Exactly 40 years after having his first brush with the judiciary as an advocate,Justice P Sathasivam on Friday took oath as the 40th Chief Justice of India and began his nine-month-stint with the heavy task of lessening a monstrous pendency and large vacancies in high courts. 

President Pranab Mukherjee administered the oath of office to Justice Sathasivam at a brief function in Rashtrapati Bhavan's Darbar Hall. Those present included Vice-President Hamid Ansari, Prime Minister Manmohan Singh, Congress president Sonia Gandhi and BJP leaders LK Advani, Sushma Swaraj and Arun Jaitley. 

An unassuming and down-to-earth person, Justice Sathasivam rushed from Rashtrapati Bhavan to the Supreme Court to preside over a three-judge bench, which had several matters on the hearing list. 

The primary task for anyone at the helm of affairs of the three-tier justice delivery system is to free it from the monstrous pendency of 3 crore cases. "Backlogs of cases are the bottlenecks for delivering prompt justice," he says. 

Justice Sathasivam has radical ideas to tackle the problem. He wants to categorize cases based on the year of filing and assign them to courts with instructions to clear them within a specific time span.

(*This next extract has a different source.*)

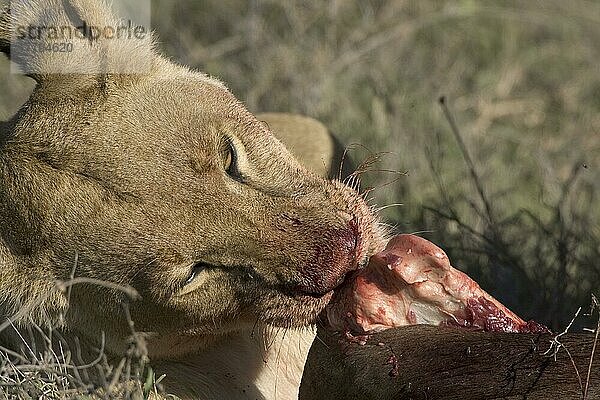 Afrikanischer Löwenische (PANTHERA LEO) Löwennischer Löwenische Löwen  Löwen  Raubkatzen  Raubtiere  Säugetiere  Tiere  Lion  Female  eating  with kill  Tanzania  Blut  Löwin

During the period of tackling backlog, these courts would not be assigned new cases. 

For this, he will soon hold discussions with judges of the Supreme Court, high court chief justices, chief ministers and the Union government for creation of more courts and appointment of judges.

With a large number of posts of judges in high courts lying vacant for a long time, the new CJI will get an opportunity to implement his idea of giving adequate representation to women and members of backward classes, who he says must meet the minimum merit criteria, in the higher judiciary. 

He does not share the popular belief that the existing collegium system to select judges can be termed as a system in which judges appoint judges. "It cannot be claimed that the government (state and central) has no role in the appointment of judges," he said and discounted the hope that National Judicial Commission would be able to address the apprehensions against the present system. 

Born on April 27, 1949, Justice Sathasivam enrolled as an advocate in July 1973 in Madras. He was appointed a permanent judge of the Madras High Court in January 1996 and was elevated to the Supreme Court in August 2007. He will retire as CJI on April 26, 2014.